Semifinal 1 - Crusaders v Hurricanes, Saturday 7.35pm
Last meeting: Round 15 Crusaders 24 Hurricanes 13
It's the first playoff meeting between these two sides since 2008 when the Crusaders won 33-22 to book a spot in the final. The Crusaders have won the three playoff meetings between the two franchises, all played in Christchurch, including the 2006 'fog final.
The Crusaders have lost just twice in 17 games this season — both to New Zealand opposition — are unbeaten at home all season, and are chasing a record-extending ninth title. The next-best teams in Super Rugby history have won three.
New Zealand teams have won 15 of the 22 Super Rugby titles, five of the last six, and the last three. The team to break the recent run was the Waratahs in 2014.

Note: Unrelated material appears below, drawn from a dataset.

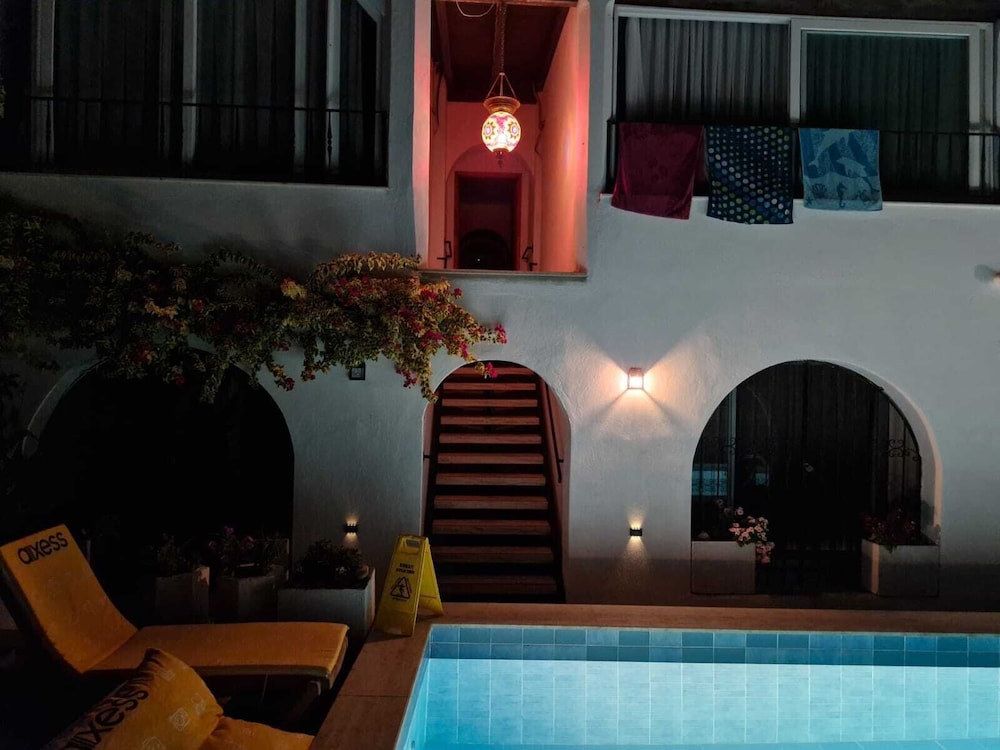 Berg Hotel 3/50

Semifinal 2 - Lions v Waratahs, Sunday 1.05am
Last meeting: Round 10 - Waratahs 0 Lions 29, Sydney
The Lions have a chance to make it three straight finals appearances when they host the Waratahs on Sunday morning NZT.
They are still seeking a first title having lost to the Hurricanes and Crusaders in the last two finals. They secured a home semifinals following a 40-23 win over the Jaguares in Johannesburg.
Ruan Combrinck caught a cross-kick from flyhalf and man-of-the-match Elton Jantjies and slipped through the Jaguares' defense for the first try. Center Harold Vorster followed up his own kick and pounced on a Jaguares error for the second. Hooker Malcolm Marx intercepted and scooted 50 meters for the third try. The Lions led 24-9 at halftime.
Playing in their first Super Rugby quarterfinal, the Jaguares closed the gap to four points when wing Bautista Delguy and captain Pablo Matera went over in the first eight minutes of the second half. They couldn't maintain the momentum.
Fullback Andries Coetzee broke Delguy's tackle to run in for the Lions' fourth try following a drive up the middle by the Lions forwards. Jantjies, who had 20 points, kicked a late dropped goal and a penalty to seal it.
Although three of the Lions' four tries were scored by backs, and the other from Marx came from broken play, their forwards dominated the Jaguares' scrum to set the platform.
"They're doing it every single week," Jantjies said. "It makes it easier for us as backs."